# Autosmart at Waxstock



## Sue J (Jan 26, 2006)

We decided that Waxstock was important enough for us to make one of our very rare appearances from Head Office (decision was obviously helped when we realised that the show was inside!)

So what will we be doing there?

*Show n Shine and Wet Demo area
*It will be difficult to avoid us on the day. From 7.30 until 11 we will be running the Show n Shine Wash. Then from 12 we will be running the Wet Demo Area, where you will be able to have a go with different pressure washers, foams and cleaners, as well as wheel cleaners, fallout remover and Tardis. Additionally, you can put the Tornador through its paces in this area.

*Exhibition Stand
*We will also have a stand inside the Exhibition Hall. It will be hard to miss as we are parking our 7.5 tonne mobile shop on the stand AND we're strategically right next door to the food! The stand will be manned by a host of product experts, who will be very happy to show you how to get the most from our products and to answer all of your questions. (oh and I'll be there too making the tea!!!)
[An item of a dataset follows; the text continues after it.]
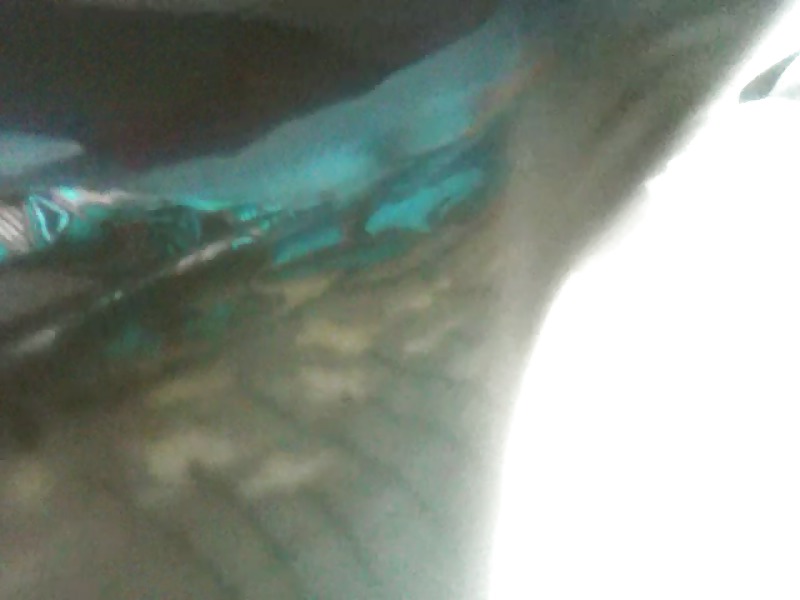 Upskirt hidjab
 #18315528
If you haven't seen our mobile shops then come along for a look inside. They are an Aladdin's Cave of detailing goodies and there are 130 of them in the UK.

Our trade customers demand choice and we're going to share as many of our professional products as possible with you. With 300 products and about 10,000 accessory lines it is impossible to bring everything, but judging by the growing pile we're having a good try. At last count there were 17 different machine pads alone in the stock pile, so you will be spoil for choice.

We're also bringing:
Microfibres
Sponges
Clay bars
Wash mitts
Drying towels
Leathers
Sprayers
Vikan brushes
Cloth and paper
Wash buckets
H&S equipment
Machines
Foam equipment
Deodorising solutions

If you can't see what you're looking for then please ask - chances are we'll have it somewhere.

*Special Offers*
Too many to mention here! There are special offers on products, Karcher pressure washers, Tornadors, polishers inc the Cyclo and lots of accessories. Oh and of course there will be some freebies on offer for customers on the day too!
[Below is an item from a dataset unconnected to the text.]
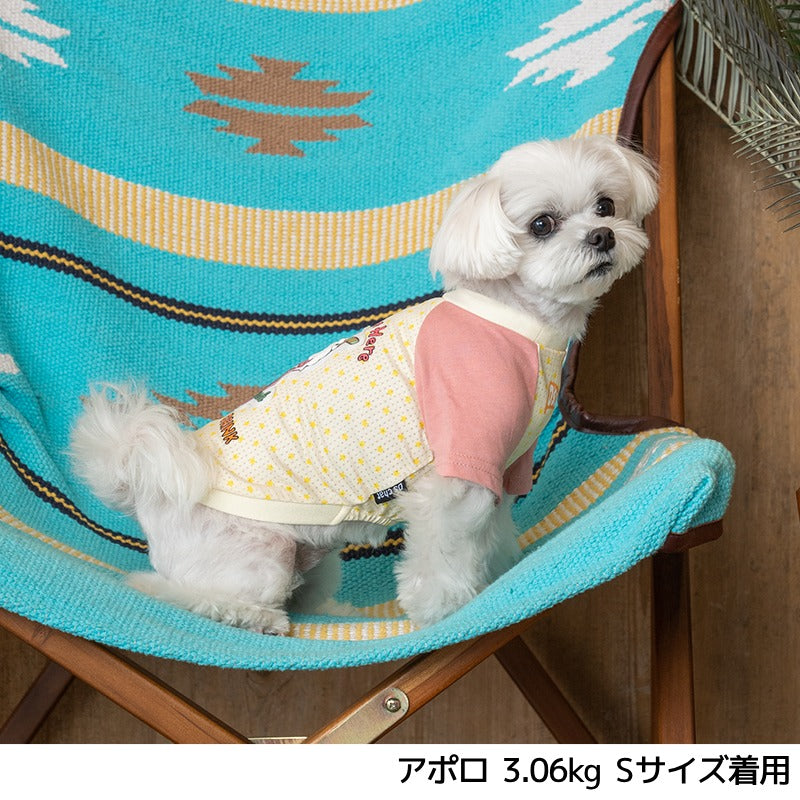 ソーダプリントTシャツ XS/S/M/L/XL/XXL/DXS/DS/DM/DL/FBS/FBM/FBL D's Chat-ディーズチャット- 犬服 小型犬 ドッグウェア DS24SS ds241213-1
*People like you become Autosmart franchisees!
*Many of our franchisees joined because they are mad about detailing. We have a few franchise resales available in the UK. We've been established for over 30 years, so there are existing customers and turnover on every territory available.

If you think that this may be for you and would like to know more then come along for a chat. The franchisees on the stand will be happy to tell you more about life as an Autosmart franchisee.


----------



## jamesmut (Jan 5, 2008)

I've never been called a 'product expert' before!!:lol:


----------